高嶺剛監督作品が大きな反響 台湾国際映画祭で特集上映

 

キャリアを貫いた「ふるさと」への思い

 上映前のトークで映画祭プログラマーのウッド・リンさんは「ドキュメンタリーから出発した〈原点〉のような作品、その後は劇映画を撮っても、繰り返されるように〈原点〉である沖縄の歴史、アイデンティティーへの探求がずっと反響している。この〈原点〉を見つめる視座こそが高嶺監督特集が組まれた理由」と語った。

 『サシングヮー』の中でも登場する高嶺監督の家族の肖像写真やもう戻れない幼い頃の記憶は、後の劇映画であり最新作でもある『変魚路』(2016年)まで度々現れた。それは「原点」のシンボルである。

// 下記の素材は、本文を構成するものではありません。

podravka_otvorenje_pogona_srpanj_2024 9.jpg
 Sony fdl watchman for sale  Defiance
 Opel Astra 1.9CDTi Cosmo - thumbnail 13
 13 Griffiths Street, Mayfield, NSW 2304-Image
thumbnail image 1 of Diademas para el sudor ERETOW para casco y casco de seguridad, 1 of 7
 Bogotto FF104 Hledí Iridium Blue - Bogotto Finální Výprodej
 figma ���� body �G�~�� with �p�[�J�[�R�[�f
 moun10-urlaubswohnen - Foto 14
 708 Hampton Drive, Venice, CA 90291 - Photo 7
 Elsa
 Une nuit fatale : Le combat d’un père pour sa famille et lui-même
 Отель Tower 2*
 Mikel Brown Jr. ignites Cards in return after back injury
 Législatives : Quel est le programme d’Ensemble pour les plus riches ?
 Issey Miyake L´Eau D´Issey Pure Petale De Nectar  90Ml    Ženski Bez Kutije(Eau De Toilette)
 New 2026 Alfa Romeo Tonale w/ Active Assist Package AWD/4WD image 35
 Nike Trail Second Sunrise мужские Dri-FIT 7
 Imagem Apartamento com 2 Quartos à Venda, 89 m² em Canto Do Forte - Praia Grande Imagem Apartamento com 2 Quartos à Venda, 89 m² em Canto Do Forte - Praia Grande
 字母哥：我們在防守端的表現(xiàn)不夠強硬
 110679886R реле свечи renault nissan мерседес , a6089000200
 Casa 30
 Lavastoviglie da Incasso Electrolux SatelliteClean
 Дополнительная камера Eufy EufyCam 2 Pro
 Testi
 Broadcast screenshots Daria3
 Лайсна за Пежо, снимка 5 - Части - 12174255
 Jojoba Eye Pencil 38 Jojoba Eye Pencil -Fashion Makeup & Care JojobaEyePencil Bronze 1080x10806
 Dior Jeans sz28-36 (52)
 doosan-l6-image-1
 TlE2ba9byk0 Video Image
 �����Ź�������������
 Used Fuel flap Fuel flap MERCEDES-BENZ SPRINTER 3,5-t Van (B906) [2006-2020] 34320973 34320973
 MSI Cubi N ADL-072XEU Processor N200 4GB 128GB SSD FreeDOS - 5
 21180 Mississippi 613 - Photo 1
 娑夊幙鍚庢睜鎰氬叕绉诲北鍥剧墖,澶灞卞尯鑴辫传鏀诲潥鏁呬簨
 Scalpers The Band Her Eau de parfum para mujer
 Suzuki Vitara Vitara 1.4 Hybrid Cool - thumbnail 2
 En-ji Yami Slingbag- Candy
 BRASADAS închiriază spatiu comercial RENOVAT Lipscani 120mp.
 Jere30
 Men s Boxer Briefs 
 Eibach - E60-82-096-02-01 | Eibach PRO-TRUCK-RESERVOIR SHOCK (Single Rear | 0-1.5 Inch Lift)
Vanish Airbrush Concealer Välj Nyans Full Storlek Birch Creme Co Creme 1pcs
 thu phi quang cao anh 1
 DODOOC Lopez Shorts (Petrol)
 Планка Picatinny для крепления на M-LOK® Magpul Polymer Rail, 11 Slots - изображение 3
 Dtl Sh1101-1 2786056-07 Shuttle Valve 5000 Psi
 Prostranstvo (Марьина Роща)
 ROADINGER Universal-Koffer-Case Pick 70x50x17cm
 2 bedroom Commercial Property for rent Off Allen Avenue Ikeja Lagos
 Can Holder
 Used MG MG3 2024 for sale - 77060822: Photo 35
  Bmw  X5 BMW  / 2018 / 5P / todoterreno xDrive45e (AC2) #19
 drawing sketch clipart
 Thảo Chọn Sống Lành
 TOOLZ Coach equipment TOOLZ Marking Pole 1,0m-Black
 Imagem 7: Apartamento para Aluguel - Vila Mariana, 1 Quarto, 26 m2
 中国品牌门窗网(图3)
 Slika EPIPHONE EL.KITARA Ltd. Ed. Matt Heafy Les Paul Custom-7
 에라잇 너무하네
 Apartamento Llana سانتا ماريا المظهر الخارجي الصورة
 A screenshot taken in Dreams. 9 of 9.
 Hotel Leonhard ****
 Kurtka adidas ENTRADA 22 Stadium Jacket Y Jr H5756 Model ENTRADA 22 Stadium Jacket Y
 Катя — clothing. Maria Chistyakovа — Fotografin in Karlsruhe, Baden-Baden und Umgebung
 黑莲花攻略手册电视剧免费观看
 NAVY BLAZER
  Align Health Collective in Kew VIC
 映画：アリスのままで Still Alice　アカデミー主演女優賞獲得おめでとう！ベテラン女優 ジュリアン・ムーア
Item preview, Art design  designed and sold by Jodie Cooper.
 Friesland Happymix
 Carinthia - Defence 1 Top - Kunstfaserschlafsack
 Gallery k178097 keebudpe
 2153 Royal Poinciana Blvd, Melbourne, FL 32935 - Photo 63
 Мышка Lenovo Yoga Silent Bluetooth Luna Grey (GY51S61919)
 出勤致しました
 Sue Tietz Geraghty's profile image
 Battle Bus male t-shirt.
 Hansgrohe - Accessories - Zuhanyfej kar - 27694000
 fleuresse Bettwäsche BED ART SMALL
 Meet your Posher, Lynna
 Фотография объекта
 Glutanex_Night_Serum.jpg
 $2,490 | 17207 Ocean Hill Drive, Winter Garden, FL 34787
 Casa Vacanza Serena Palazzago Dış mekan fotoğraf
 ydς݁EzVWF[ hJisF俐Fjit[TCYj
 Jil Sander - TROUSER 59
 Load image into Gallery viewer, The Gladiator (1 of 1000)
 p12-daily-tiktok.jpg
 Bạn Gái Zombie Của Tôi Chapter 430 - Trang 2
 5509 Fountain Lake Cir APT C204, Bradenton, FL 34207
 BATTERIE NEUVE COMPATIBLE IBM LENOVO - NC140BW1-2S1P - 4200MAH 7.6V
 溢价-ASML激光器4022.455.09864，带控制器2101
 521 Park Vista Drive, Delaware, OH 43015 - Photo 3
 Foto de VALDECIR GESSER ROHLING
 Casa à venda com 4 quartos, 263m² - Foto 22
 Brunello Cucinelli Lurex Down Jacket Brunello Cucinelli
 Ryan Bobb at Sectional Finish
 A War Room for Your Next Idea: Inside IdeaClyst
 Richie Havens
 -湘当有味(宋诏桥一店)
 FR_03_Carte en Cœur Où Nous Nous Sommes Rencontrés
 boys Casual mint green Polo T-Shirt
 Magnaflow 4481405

 もう一つ、『パラダイスビュー』(1985年)に始まる劇映画で描いた「純粋な沖縄」の世界観が、常連の役者たちも年を重ねて『変魚路』まで成長したこともある。それは劇中の役でありながら、現実の世界と一緒に変化しつつ、沖縄の「現在」に辿り着いたという意味合いもある。沖縄伝統の連鎖劇という形式にこだわった高嶺監督の映画世界には、古くから伝わってきた昔話、信仰、芝居を映画内の時空で再現している。その時空が「映画」という媒体に記録された「もう戻れない時間」であることは、劇映画よりもむしろドキュメンタリーの本質に近いのではなかろうか。

沖縄語の世界

 高嶺監督の作品特徴はほぼ全編ウチナーグチで話された劇中世界と空想的な奇妙なファンタスティックな雰囲気が大きな魅力といえる。今回の特集で他に選ばれたのは、本土復帰直前を背景にした『パラダイスビュー』(1985年)と『ウンタマギルー』(1989年)。二作品とも小林薫と戸川純が主演で、日本文化に侵入されていない純粋な沖縄の風土を魅せてくれた。世界が変化しつつ、新しい世界に戸惑いながら適応する人々やその激動の時代がユーモラスに表現された傑作だ。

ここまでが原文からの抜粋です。